Segment Start: DATASET CONTENT

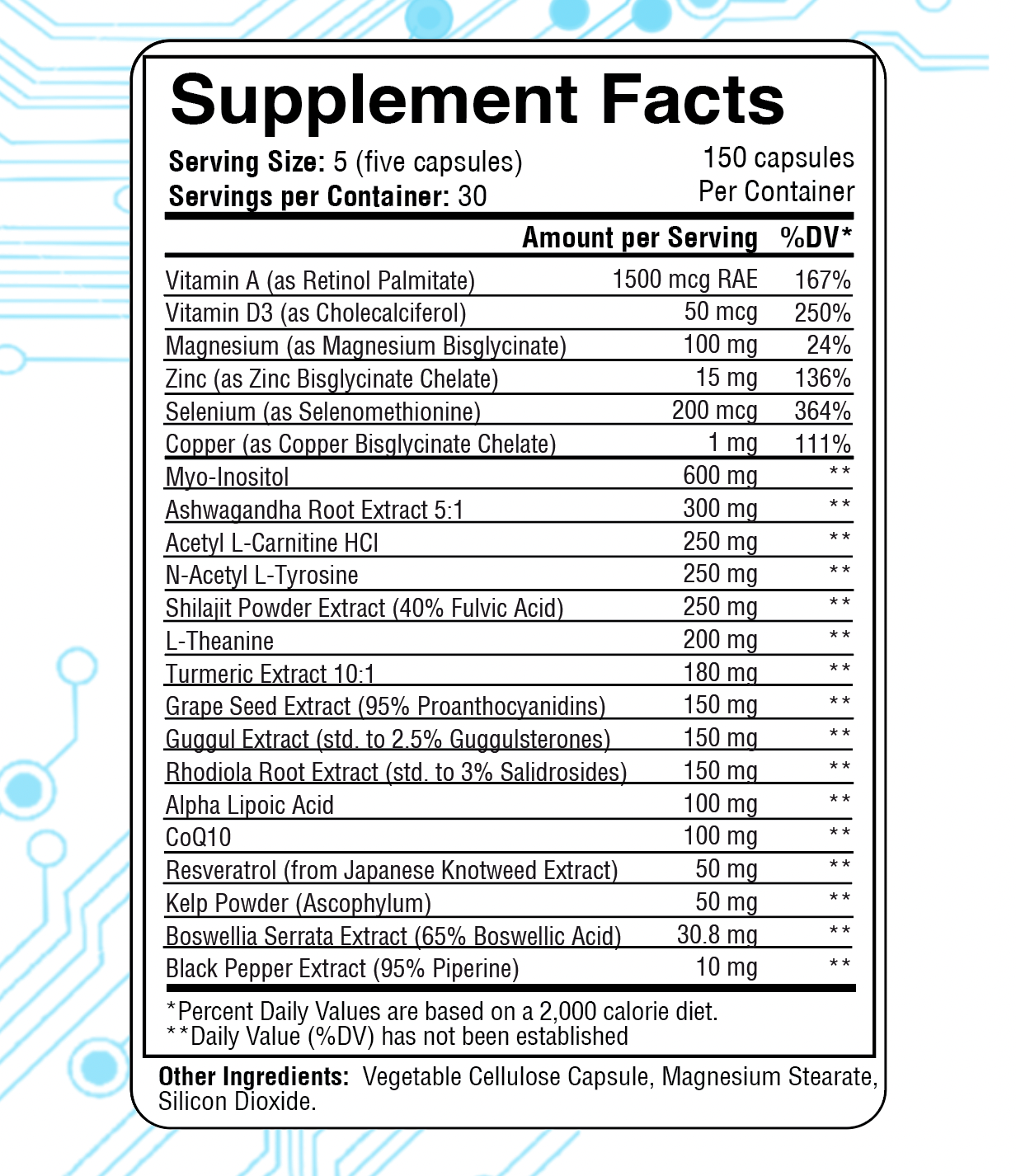 Thyroid - AD Medical
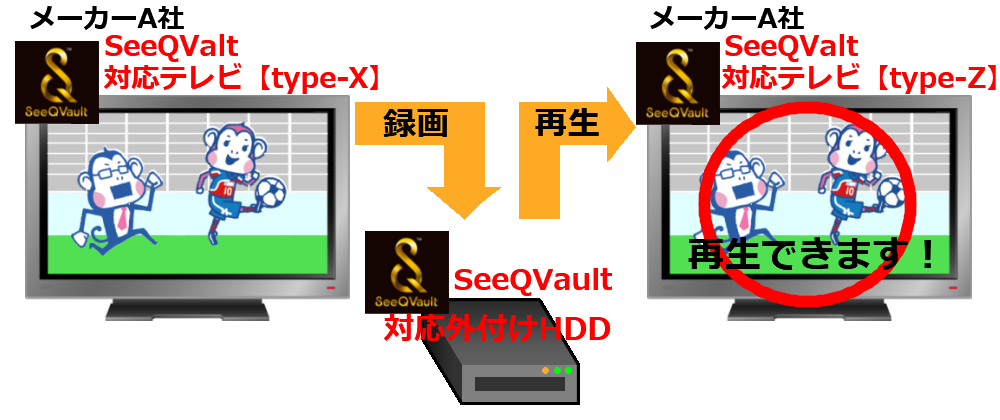 SeeQVault対応の図解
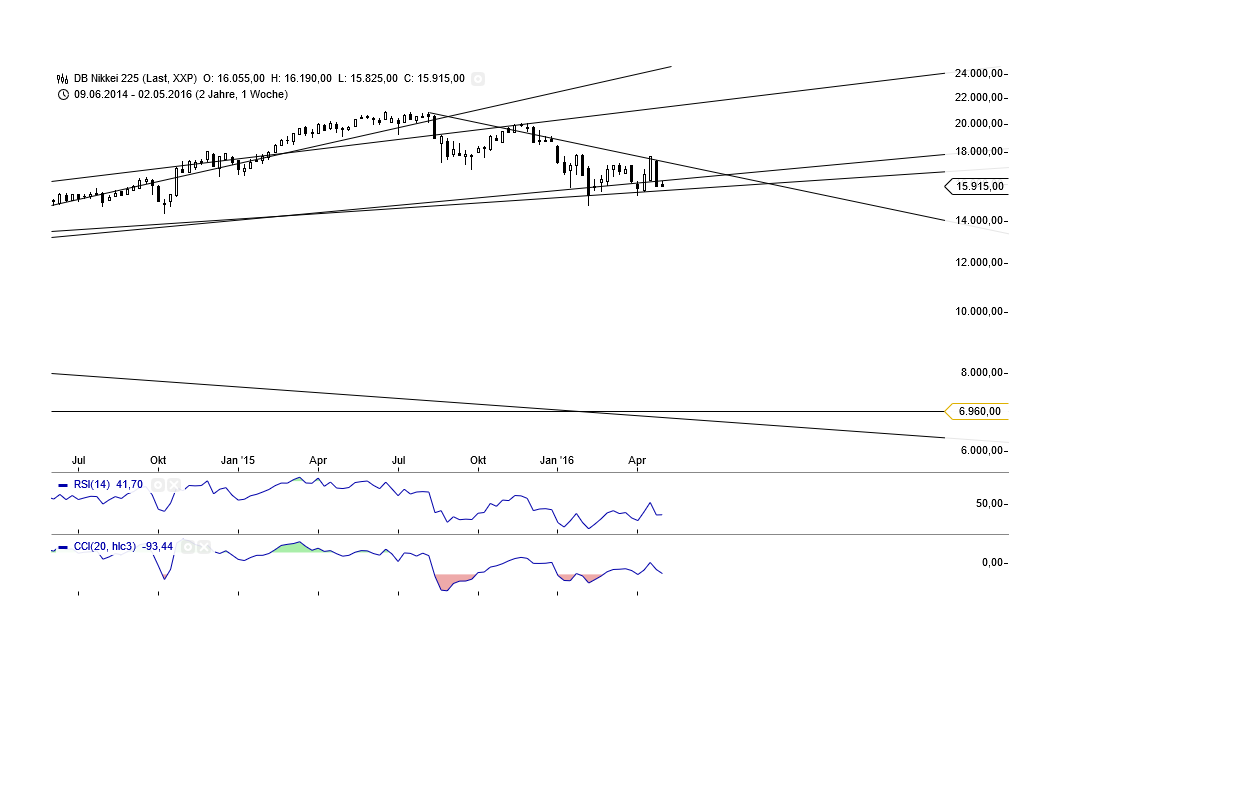 Gold und weitere interessante Anlagemöglichkeiten. 911682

Segment End: DATASET CONTENT

Reproduce the preceding material exactly, skipping pictures.

### RESPONSE
 Thyroid - AD Medical
 SeeQVault対応の図解
 Gold und weitere interessante Anlagemöglichkeiten. 911682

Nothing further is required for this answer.